PROBLEM DESCRIPTION: All the lines below need to be output exactly, apart from any images.

DATASET CONTENT:

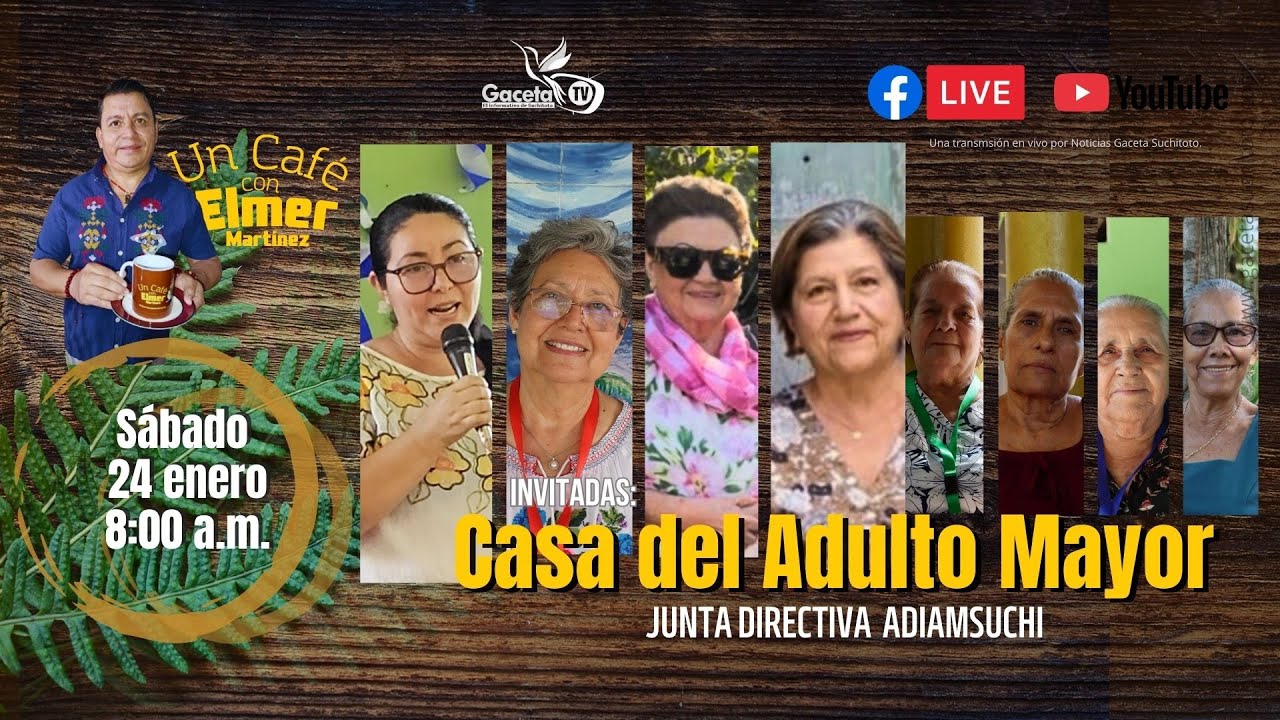 Casa del Adulto Mayor Suchitoto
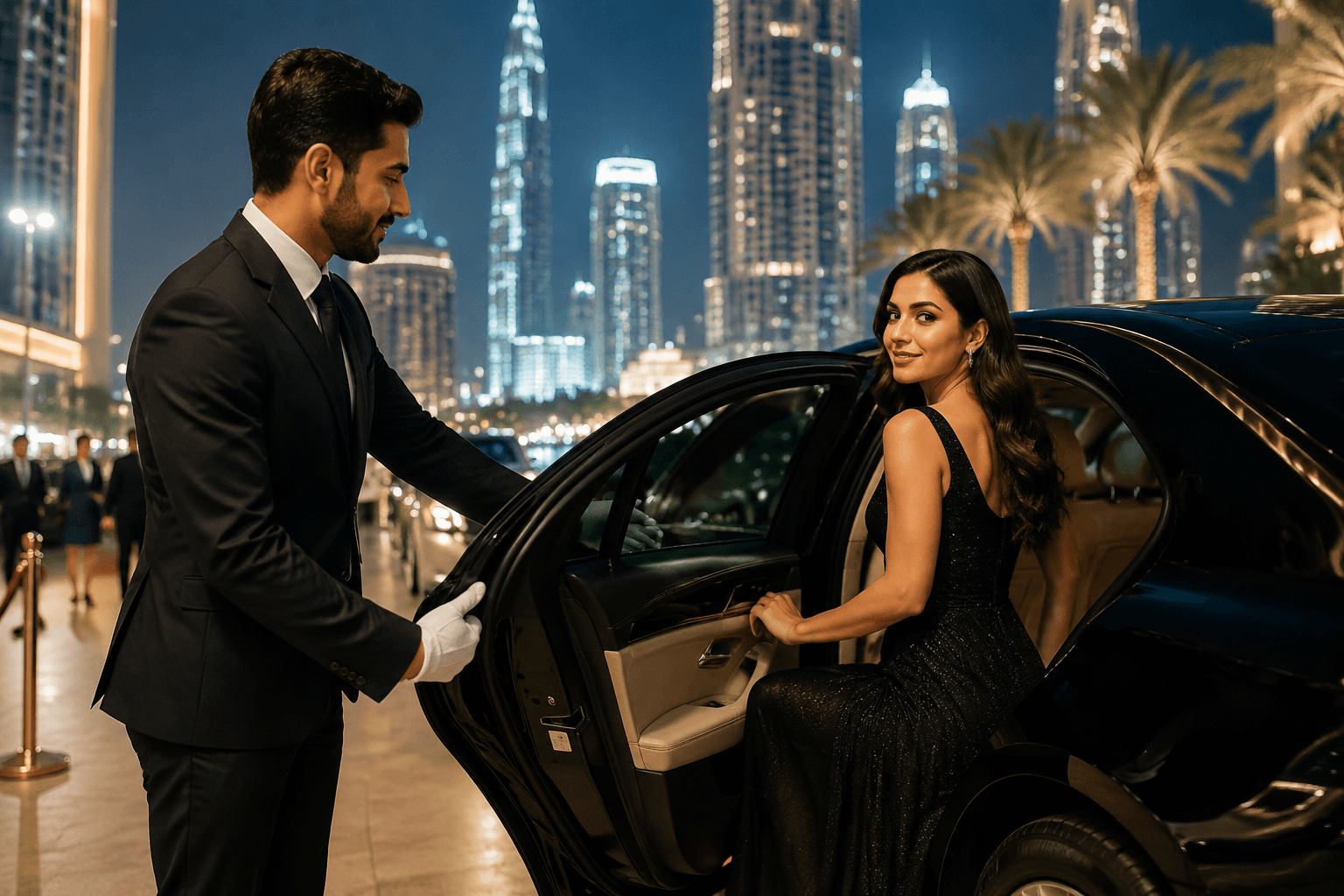 Hire a Monthly Driver Dubai for Comfortable Daily Travel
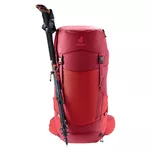 DEUTER Futura 32 - plecak trekkingowy - cherry-masala - 6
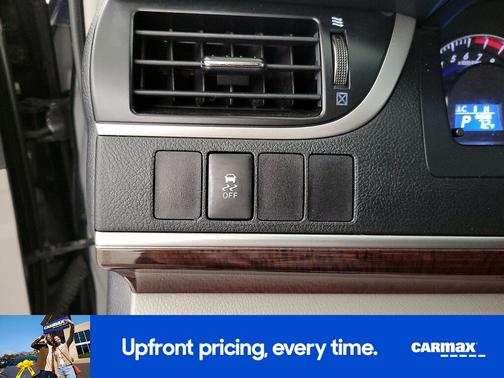 2014 Toyota Camry XLE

TASK SOLUTION:
 Casa del Adulto Mayor Suchitoto
 Hire a Monthly Driver Dubai for Comfortable Daily Travel
 DEUTER Futura 32 - plecak trekkingowy - cherry-masala - 6
 2014 Toyota Camry XLE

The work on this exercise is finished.